SHAME di Steve McQueen (2011)
I wanna wake up in the city that doesn’t sleep,
to find I’m king of the hill, head of the list,
cream of the crop at the top of the heap…
Vergogna.
Il titolo del secondo film del regista Steve McQueen (londinese, classe 1969), presentato in concorso alla Sessantottesima Mostra del cinema di Venezia e che ha fruttato a Michael Fassbender la Coppa Volpi come migliore attore, ci fa capire fin dal principio di essere di fronte ad un’opera tutt’altro che facile.
La vergogna è quella di Brandon, uomo d’affari newyorkese affetto da dipendenza da sesso. La sua incapacità di vivere una sana e pulita relazione sentimentale e la solitudine provocata da squallidi incontri occasionali subiscono una battuta d’arresto con l’arrivo di Sissy (Carey Mulligan), problematica sorella minore, che mina il già fragile equilibrio del protagonista.

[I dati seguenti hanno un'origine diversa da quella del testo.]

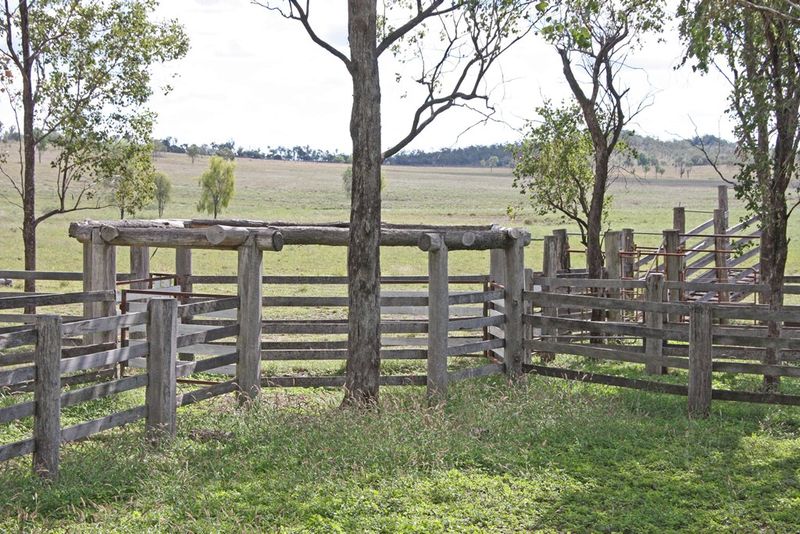 Theodore, QLD Rural Rural Livestock Property Sold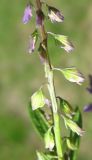 Polygala amarella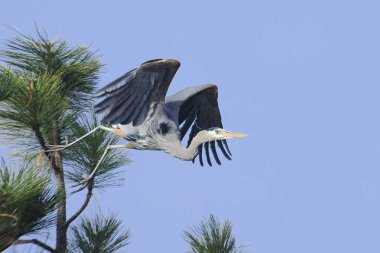 Büyük bir mavi balıkçıl kuzey Idaho 'daki bir çam ağacının tepesinden uçar..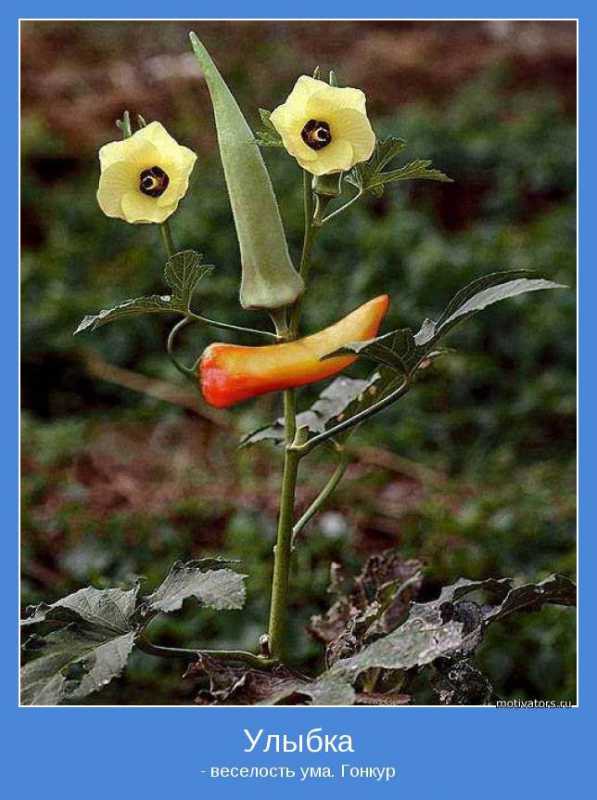 ����������.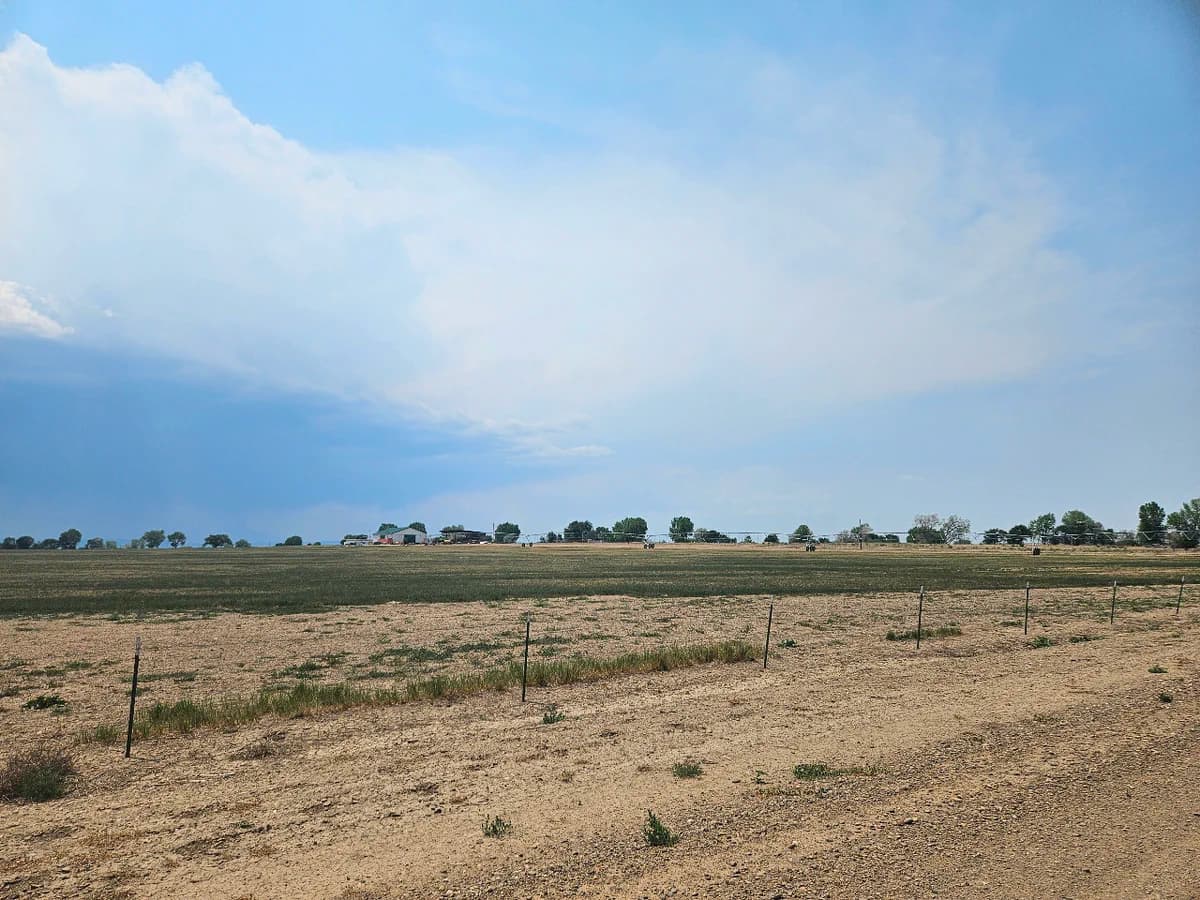 Las Animas County photo shows worsening drought, hay output cut in half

Alla sua seconda collaborazione con il regista McQueen (che lo aveva già diretto nel 2008 in Hunger), Fassbender offre l’interpretazione straordinaria ed intensissima di un uomo inabile a controllare i propri istinti, alla perenne ricerca di un brivido per dare un senso alla propria vita.
Un film, Shame, capace di parlarci della solitudine, della ricerca di una (im)possibile liberazione attraverso il sesso, dell’incapacità di esprimere un sentimento reale pur desiderandolo; analisi perfetta di una patologia esistenziale, purtroppo molto comune nella cosiddetta modernità. Analisi che si rivela ancor più spietata e disturbante grazie ad una forma controllatissima e perfettamente padroneggiata da McQueen, caratterizzata (come giustamente osservato da Andrea Chimento) da “lunghi piani sequenza e una incisiva rappresentazione claustrofobica degli ambienti” .
Molte le sequenze-chiave. Tra queste, è d’obbligo citarne almeno due: la performance canora di New York, New York da parte di Carey Mulligan, straziante e dolorosa, con primi piani quasi insostenibili, che riesce a spiegare il rapporto tra i due fratelli meglio di qualsiasi parola, e il dialogo tra Brandon e Sissy davanti ad uno schermo televisivo, a camera fissa, che non lascia scampo, né a loro, né a noi spettatori.